The classic example of the wrong man in the wrong place at the wrong time!

----------


## physix

Ok guys i have taken wonderplumbs advice and managed to fit a wooden block with some neat cuts behind the mixer... but it still has galvanized screws touching it to hold it in... but i dont think i can do anything else to hold it there lol
so this is what its looking like all soldered up aswell.

----------


## wonderplumb

Good job, may I ask why your plumber used soft solder?
If those chrome fittings are kinco nuts with nylon olives they are not permitted in a wall. Nylon olives deteriorate after time. They will have to be proper unions.

----------


## ringtail

Was thinking the sme thing about the solder

----------


## SlowMick

I'm not a plumbers knee cap but i am really confused. 
Does this shower have three sets of taps?  it looks like two mixers and a pair of regular taps in the second picture?

----------


## SlowMick

Seems you guys have been over thinking it - Mr Vicegrips the plumber doesn't need wooden noggins or metal brackets to support his mixer - he just hangs it off the pipes.     
the article even stated that "Call a plumber.  Don't be tempted to have a go at plumbing jobs or risk costly and illegal mistakes."   :Doh:

----------


## wonderplumb

Ha ha, vice grips :Doh:

----------


## manofaus

you would get 110 an hour up the hunter valley....
plus you don't need to quote, it is so hard to get tradies they only do and charge.

----------


## physix

yeah sorry for the confustion .. i have the cold pipe still joined to the old plumbing. the old pipes will come out when i join the new plumbing to the house sytsem.  I have brass olivees wrapped in teflon tape joining the mixer but now you have said that i had to solder the pipes after i did that... so hoping the tape hasnt perished inside the join... i am joining it to the Hot and cold this weekend then getting a pressure test done.. 
can i get some advice will the teflon shrink away and cause a bad leak if i have soldered near it?

----------


## physix

> Good job, may I ask why your plumber used soft solder?
> If those chrome fittings are kinco nuts with nylon olives they are not permitted in a wall. Nylon olives deteriorate after time. They will have to be proper unions.

  /
On the mixer there is thread only.. so i have to screw in a compression fitting to it.. is there any other way ?

----------


## SlowMick

Physix - i think the guys were suggeting you buy threaded fittings with a capillary (solder connection on the side).  that way you solder a short piece of pipe into the fitting then screw it into the mixer - the solder the end of the pipe to your supply pipes.  they sell these fittings at Bunnings - look in the boxes with the pink tags called capillary fittings. 
looks like this

----------


## physix

> Physix - i think the guys were suggeting you buy threaded fittings with a capillary (solder connection on the side). that way you solder a short piece of pipe into the fitting then screw it into the mixer - the solder the end of the pipe to your supply pipes. they sell these fittings at Bunnings - look in the boxes with the pink tags called capillary fittings. 
> looks like this

  i didnt get them i got the ones which screw into both ends.. the screw in bit screws into the mixer.. so i have screwed that in with teflon tape.. then the other bit has a copper olive that goes round the pipe so i did that with teflon tape aswell... have i stuffed it??.. am i supposed to solder it into the fitting then screw it on???? if thats the case then i will have to do 6 joins again  :Frown:   :Frown:   :Frown:

----------


## wonderplumb

> yeah sorry for the confustion .. i have the cold pipe still joined to the old plumbing. the old pipes will come out when i join the new plumbing to the house sytsem. I have brass olivees wrapped in teflon tape joining the mixer but now you have said that i had to solder the pipes after i did that... so hoping the tape hasnt perished inside the join... i am joining it to the Hot and cold this weekend then getting a pressure test done.. 
> can i get some advice will the teflon shrink away and cause a bad leak if i have soldered near it?
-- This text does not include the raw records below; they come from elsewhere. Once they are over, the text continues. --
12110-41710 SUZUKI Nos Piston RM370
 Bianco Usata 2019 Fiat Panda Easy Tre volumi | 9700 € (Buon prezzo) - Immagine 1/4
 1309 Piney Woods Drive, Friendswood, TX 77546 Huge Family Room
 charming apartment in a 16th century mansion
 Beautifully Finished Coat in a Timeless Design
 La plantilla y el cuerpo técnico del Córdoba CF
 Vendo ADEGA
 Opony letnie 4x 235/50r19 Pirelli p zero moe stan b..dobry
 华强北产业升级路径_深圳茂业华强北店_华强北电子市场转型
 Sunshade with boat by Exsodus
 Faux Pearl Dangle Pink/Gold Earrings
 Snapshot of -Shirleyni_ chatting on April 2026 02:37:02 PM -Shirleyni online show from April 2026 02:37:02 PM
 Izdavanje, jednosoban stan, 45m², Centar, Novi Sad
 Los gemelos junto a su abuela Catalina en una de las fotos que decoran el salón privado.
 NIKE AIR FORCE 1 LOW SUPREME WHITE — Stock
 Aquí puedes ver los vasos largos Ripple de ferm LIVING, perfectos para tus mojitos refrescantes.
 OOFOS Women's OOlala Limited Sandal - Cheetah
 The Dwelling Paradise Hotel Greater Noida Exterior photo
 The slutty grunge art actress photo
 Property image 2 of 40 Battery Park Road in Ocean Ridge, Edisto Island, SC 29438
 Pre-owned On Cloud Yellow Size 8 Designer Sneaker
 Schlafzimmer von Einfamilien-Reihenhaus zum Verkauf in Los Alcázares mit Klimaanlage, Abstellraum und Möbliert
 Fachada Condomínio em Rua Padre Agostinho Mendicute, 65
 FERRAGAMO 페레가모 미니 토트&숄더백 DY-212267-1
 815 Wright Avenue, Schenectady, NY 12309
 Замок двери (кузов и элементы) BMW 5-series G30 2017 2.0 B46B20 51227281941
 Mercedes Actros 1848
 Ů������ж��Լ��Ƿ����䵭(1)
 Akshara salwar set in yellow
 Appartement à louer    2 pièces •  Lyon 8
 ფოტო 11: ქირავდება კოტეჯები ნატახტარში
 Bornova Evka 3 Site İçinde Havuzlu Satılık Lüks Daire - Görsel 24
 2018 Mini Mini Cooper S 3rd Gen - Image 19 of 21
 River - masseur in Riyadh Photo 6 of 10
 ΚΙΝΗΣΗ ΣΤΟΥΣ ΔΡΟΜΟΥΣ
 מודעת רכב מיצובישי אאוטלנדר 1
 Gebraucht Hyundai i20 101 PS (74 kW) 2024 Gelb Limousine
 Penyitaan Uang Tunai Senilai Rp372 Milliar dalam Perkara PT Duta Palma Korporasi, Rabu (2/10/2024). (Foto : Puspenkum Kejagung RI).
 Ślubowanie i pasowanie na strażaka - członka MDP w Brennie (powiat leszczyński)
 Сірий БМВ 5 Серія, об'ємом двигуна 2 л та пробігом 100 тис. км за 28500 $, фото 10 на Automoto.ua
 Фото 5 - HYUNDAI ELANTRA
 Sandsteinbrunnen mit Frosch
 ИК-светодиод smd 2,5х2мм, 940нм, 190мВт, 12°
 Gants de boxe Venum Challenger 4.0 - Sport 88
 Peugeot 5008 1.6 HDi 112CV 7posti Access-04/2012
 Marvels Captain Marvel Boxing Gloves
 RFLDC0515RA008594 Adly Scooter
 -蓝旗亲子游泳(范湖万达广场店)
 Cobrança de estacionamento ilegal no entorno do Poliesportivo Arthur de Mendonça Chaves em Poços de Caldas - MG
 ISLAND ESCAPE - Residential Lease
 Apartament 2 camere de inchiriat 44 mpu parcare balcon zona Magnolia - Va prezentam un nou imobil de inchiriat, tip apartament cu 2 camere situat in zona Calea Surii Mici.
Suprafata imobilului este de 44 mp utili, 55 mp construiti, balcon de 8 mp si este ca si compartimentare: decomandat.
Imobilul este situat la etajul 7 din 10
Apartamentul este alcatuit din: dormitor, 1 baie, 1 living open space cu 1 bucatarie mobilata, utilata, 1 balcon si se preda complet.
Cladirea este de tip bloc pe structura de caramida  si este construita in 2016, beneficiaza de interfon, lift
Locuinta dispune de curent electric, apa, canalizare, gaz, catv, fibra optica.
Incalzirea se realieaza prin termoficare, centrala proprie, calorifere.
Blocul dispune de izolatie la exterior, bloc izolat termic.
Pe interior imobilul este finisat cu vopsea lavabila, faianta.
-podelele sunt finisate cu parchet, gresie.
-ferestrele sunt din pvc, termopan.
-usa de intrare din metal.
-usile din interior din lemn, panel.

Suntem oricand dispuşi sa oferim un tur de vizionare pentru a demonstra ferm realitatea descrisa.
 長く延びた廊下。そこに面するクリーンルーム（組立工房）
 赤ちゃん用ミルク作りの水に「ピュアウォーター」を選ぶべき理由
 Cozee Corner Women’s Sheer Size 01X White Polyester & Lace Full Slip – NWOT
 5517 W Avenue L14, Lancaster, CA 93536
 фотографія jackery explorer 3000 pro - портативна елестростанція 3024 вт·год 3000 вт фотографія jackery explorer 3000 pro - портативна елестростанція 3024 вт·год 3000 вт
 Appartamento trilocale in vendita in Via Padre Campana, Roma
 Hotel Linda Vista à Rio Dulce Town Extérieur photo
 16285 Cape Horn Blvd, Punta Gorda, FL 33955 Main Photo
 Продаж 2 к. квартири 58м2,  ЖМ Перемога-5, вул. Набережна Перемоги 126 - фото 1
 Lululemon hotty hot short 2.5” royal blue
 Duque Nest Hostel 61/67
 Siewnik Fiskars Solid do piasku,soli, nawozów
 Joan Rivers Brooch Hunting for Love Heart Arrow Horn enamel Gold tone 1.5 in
  Well, I would be more worried about the guts of your mixer being affected by heat than the teflon. 
Kinco nuts and olives are a no no inside a wall, regardless of what they are made from.

----------


## wonderplumb

> Physix - i think the guys were suggeting you buy threaded fittings with a capillary (solder connection on the side). that way you solder a short piece of pipe into the fitting then screw it into the mixer - the solder the end of the pipe to your supply pipes. they sell these fittings at Bunnings - look in the boxes with the pink tags called capillary fittings. 
> looks like this

  This is another way to do it, however to keep up to code they should really be unions.   _(This is advice only, not a detailed description of how to carry out such work)_

----------


## wonderplumb

> i didnt get them i got the ones which screw into both ends.. the screw in bit screws into the mixer.. so i have screwed that in with teflon tape.. then the other bit has a copper olive that goes round the pipe so i did that with teflon tape aswell... have i stuffed it??.. am i supposed to solder it into the fitting then screw it on???? if thats the case then i will have to do 6 joins again

  I'm afraid so, you'll have to re do the lot again, with unions.

----------


## ringtail

How long should the tail be that you solder into the union ? Does it have to be a certain length so the mixer isnt damaged when soldering onto the tail ? same question again but how close are you allowed to braze near a compression fitting with nylon olive ? Ive heard its 250 mm ???

----------


## watson

This Library file may help..sorry.... haven't got the time to check through myself  http://www.renovateforum.com/f221/pr...80/#post794463

----------


## physix

> I'm afraid so, you'll have to re do the lot again, with unions.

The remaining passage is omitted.